Au cas présent, il est fait grief à Mme [I] épouse [D], non pas d'être impliquée dans l'entreprise de falsification des comptes, mais de s'être soustraite, par négligence, à toute vérification des bilans comptables et des audits de gestion établis par les commissaires aux comptes, l'incitant ainsi à davantage de prudence dans la présentation de la situation financière du groupe lors de l'augmentation de capital à laquelle ont favorablement répondu les cadres investisseurs. Or, les manoeuvres frauduleuses, imputables semble-t-il à un commaissaire aux comptes allemand, n'ont été mises à jour que plus de quatre ans après qu'elles ont été réalisées et après vérification approfondies de la part d'autres commissaires aux comptes qui ont révélé l'ampleur de la sous-estimation des capitaux propres des entreprises du groupe. Il va donc de soi que le degré de sophistication des techniques de malversation des comptes faisait obstacle à ce que ceux-ci soient aisément décelées par le dirigeant qui était fondé à accorder sa confiance aux professionnels attachés à son service. Au surplus, la fraude émanait d'un opérateur intervenant à l'étranger, en l'occurrence en Allemagne, ce qui ne peut que relativiser le crédit accordé à l'idée d'une obligation de vigilance à la charge de la présidente de la holding implantée en France.

Il ne ressort pas, ensuite, des pièces de la procédure que les malversations étaient aisément repérables à la seule lecture des bilans et autres rapports, ni même que les résultats prétendument enregistrés au niveau du groupe aient été en déphasage tel avec l'expérience de gestionnaire de l'intimée, qu'elle ne pouvait que suspecter l'existence de manoeuvres frauduleuses. Il s'ensuit que

la faute de gestion, qui doit être appréhendée par rapport à un référentiel standard d'obligations de contrôle du rendement productif de l'activité exercée, n'est aucunement caractérisée au cas présent.

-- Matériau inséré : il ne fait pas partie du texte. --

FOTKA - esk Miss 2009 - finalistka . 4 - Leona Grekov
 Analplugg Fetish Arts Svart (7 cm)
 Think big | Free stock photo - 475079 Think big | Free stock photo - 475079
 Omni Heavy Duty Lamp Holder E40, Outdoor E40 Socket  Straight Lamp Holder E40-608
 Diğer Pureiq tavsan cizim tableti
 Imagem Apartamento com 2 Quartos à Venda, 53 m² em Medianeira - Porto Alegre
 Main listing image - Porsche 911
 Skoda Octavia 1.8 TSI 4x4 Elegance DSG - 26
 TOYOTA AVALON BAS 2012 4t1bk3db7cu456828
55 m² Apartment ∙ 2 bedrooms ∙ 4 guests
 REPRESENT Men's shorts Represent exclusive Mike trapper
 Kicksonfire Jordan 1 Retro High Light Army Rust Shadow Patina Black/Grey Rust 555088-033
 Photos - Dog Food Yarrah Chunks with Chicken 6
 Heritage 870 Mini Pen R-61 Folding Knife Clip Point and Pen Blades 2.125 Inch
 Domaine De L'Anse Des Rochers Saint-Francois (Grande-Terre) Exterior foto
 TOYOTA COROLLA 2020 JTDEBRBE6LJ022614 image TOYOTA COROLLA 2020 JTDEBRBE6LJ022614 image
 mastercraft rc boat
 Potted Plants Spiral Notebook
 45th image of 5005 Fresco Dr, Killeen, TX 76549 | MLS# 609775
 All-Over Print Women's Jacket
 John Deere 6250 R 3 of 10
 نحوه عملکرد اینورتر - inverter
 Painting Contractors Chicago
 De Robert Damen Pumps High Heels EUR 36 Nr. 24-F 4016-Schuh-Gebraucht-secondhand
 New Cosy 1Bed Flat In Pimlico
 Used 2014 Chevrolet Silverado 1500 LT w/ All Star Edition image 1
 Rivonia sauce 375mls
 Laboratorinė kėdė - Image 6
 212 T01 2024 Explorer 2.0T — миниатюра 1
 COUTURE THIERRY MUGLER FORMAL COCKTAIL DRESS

Dès lors la responsabilité civile du dirigeant est d'autant moins encourue qu'elle est subordonnée, ainsi qu'il l'a été vu, à la preuve d'une faute détachable des fonctions. Celle-ci se définit traditionnellement comme un agissement dommageable intentionnel d'une particulière gravité, incompatible avec l'exercice normal des fonctions sociales (Cass. Com. 20 mai 2003 n° 99-17.092). Les critères ainsi dégagés ne trouvent pas à s'appliquer, en toute hypothèse, au cas d'espèce si bien que la faute détachable n'est aucunement établie.

* * *

L'équité ne commande pas l'application, au cas d'espèce, des dispositions de l'article 700 du code de procédure civile. Les parties intimées conserveront donc l'entière charge de leurs frais irrépétibles.

PAR CES MOTIFS

La cour statuant publiquement, contradictoirement et après en avoir délibéré conformément à la loi :

- Infirme le jugement déféré en toutes ses dispositions ;

Statuant à nouveau :

- Rejette la fin de non-recevoir tirée de la prescription de l'action en responsabilité engagée par les associés contre le dirigeant social ;

- Déboute Mme [G] [I] épouse [D] de sa demande de distraction du dossier de la procédure de pièces rédigées en langue allemande ;

- Accueille la fin de non-recevoir tirée du défaut d'intérêt à agir de Mme [P] [W], M. [X] [Z] et M. [E] [J] ;

- Déboute Mme [G] [I] épouse [D] et la compagnie [10] du surplus de leurs demandes ;

- Condamne 'in solidum' Mme [P] [W], M. [X] [Z] et M. [E] [J] aux entiers dépens de première instance et d'appel, avec distraction au profit de Me Ben Daoud, aux offres de droit.

Ledit arrêt a été signé par Michel Wachter, président de chambre, magistrat ayant participé aux débats et Fabienne Arnoux, greffier.